* **Try it**: Records follow. Print exactly the lines from the one that has "When determining results, if" through the one that has "The first step", inclusive, and omit the pictures.

* **Records for this exercise**:

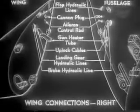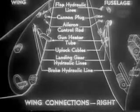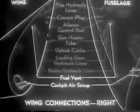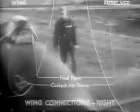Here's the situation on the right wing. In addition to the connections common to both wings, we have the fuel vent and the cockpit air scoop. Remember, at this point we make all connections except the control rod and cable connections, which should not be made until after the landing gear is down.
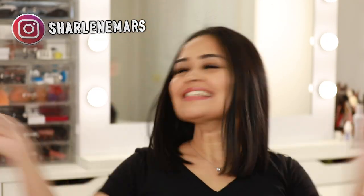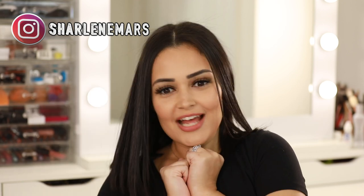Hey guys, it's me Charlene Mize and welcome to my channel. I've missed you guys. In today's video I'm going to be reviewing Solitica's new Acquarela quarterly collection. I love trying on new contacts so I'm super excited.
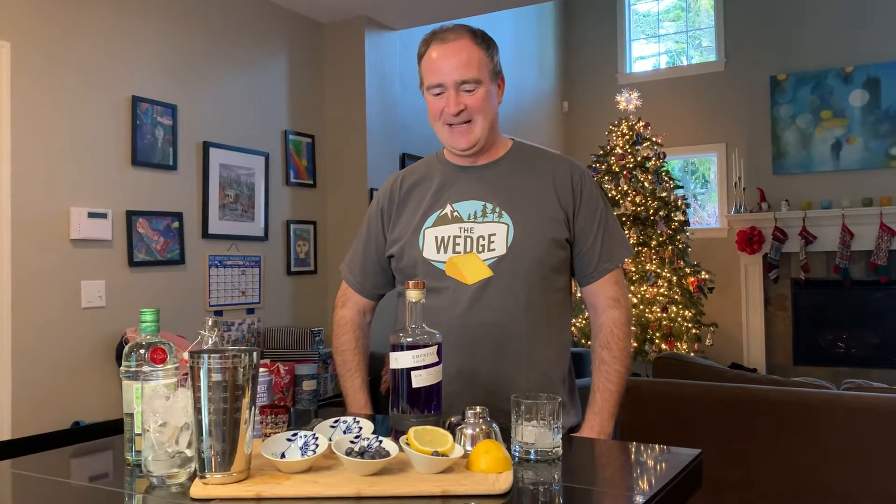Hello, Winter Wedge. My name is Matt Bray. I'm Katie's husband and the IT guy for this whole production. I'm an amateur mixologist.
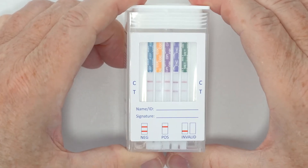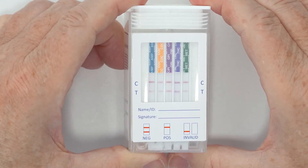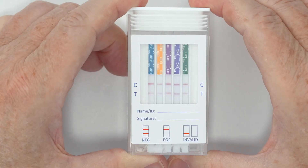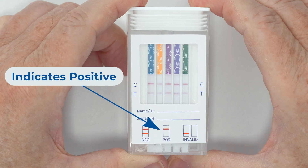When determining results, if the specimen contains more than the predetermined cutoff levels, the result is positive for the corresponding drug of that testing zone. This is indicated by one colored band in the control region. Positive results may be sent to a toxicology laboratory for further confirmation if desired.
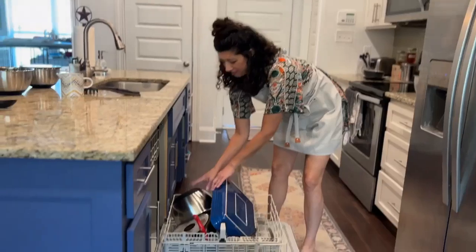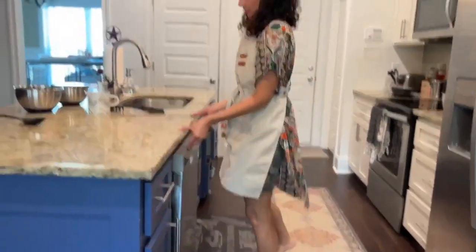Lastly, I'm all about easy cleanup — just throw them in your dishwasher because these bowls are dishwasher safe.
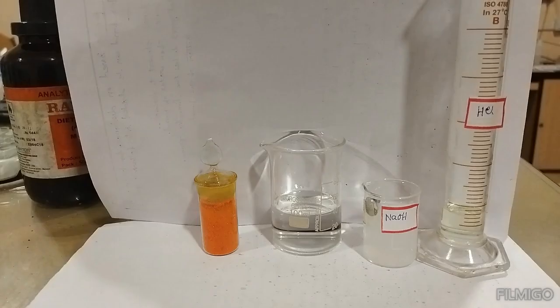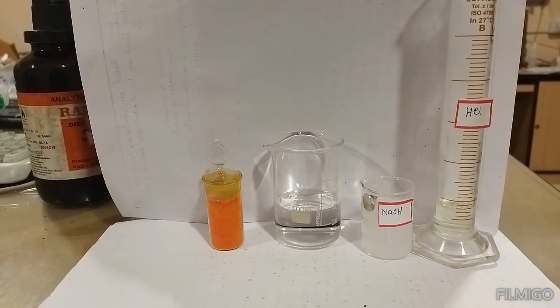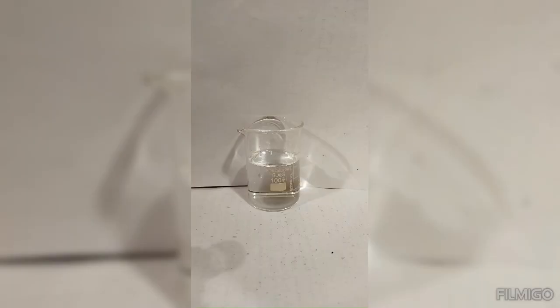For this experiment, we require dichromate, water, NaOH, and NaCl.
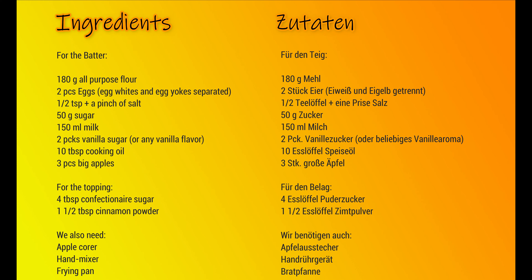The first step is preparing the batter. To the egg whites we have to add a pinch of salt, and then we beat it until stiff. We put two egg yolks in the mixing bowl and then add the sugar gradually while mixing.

...

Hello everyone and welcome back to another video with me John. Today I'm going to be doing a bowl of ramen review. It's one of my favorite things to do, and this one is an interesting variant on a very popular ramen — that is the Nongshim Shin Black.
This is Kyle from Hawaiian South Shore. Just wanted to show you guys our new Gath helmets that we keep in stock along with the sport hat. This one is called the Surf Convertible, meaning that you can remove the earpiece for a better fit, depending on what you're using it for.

* **Written reply**:
When determining results, if the specimen contains more than the predetermined cutoff levels, the result is positive for the corresponding drug of that testing zone. This is indicated by one colored band in the control region. Positive results may be sent to a toxicology laboratory for further confirmation if desired.
Lastly, I'm all about easy cleanup — just throw them in your dishwasher because these bowls are dishwasher safe.
For this experiment, we require dichromate, water, NaOH, and NaCl.
The first step is preparing the batter. To the egg whites we have to add a pinch of salt, and then we beat it until stiff. We put two egg yolks in the mixing bowl and then add the sugar gradually while mixing.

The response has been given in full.